(Dataset records)
------------------------------------------------------------------------
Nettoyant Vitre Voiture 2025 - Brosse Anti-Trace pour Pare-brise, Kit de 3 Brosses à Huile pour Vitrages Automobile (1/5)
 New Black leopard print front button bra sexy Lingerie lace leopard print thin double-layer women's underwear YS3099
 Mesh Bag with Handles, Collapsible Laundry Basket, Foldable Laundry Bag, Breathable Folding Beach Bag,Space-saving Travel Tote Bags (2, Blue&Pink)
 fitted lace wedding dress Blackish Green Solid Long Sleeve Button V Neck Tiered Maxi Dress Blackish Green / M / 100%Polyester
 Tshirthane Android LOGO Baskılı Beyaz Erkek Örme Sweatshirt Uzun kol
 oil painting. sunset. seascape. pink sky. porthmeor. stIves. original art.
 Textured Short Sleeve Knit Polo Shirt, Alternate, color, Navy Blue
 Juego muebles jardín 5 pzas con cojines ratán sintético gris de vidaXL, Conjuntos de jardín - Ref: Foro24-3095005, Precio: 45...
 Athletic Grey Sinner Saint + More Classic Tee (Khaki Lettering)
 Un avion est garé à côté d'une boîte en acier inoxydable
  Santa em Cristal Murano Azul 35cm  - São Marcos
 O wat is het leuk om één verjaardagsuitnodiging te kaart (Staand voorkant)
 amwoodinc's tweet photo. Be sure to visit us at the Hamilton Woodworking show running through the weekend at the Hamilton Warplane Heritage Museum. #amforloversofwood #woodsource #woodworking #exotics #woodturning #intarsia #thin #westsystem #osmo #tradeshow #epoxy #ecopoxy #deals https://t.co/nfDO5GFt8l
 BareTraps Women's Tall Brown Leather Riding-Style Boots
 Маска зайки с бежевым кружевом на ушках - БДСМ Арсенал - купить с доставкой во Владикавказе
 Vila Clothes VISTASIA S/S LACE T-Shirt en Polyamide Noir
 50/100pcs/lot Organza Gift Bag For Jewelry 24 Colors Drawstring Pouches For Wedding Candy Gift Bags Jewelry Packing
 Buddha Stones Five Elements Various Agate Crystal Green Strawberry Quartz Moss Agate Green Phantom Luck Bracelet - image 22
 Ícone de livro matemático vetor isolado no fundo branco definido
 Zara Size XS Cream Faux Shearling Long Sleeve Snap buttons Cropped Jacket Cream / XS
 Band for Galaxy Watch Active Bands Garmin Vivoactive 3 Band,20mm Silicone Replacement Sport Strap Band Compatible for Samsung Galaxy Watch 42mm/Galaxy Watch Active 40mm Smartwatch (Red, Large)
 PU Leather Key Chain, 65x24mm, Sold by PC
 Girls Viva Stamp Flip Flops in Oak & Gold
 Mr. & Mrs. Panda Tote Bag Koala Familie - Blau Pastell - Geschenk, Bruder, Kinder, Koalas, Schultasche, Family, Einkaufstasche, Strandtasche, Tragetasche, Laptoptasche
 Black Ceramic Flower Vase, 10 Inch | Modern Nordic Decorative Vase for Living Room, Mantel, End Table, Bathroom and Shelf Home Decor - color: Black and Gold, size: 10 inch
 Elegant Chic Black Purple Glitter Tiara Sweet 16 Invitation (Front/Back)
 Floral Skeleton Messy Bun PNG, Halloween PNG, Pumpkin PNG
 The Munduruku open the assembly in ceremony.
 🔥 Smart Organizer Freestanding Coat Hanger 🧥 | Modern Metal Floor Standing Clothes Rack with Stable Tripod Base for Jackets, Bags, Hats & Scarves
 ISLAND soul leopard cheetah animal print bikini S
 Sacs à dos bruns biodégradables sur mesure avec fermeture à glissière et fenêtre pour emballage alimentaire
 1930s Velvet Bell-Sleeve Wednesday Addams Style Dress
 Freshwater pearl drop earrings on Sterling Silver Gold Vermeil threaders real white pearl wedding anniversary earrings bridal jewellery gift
------------------------------------------------------------------------
▶ _What the task requires_
Reproduce each line of the entries in which the word "Leather" is found.

▶ _Final answer_
 BareTraps Women's Tall Brown Leather Riding-Style Boots
 PU Leather Key Chain, 65x24mm, Sold by PC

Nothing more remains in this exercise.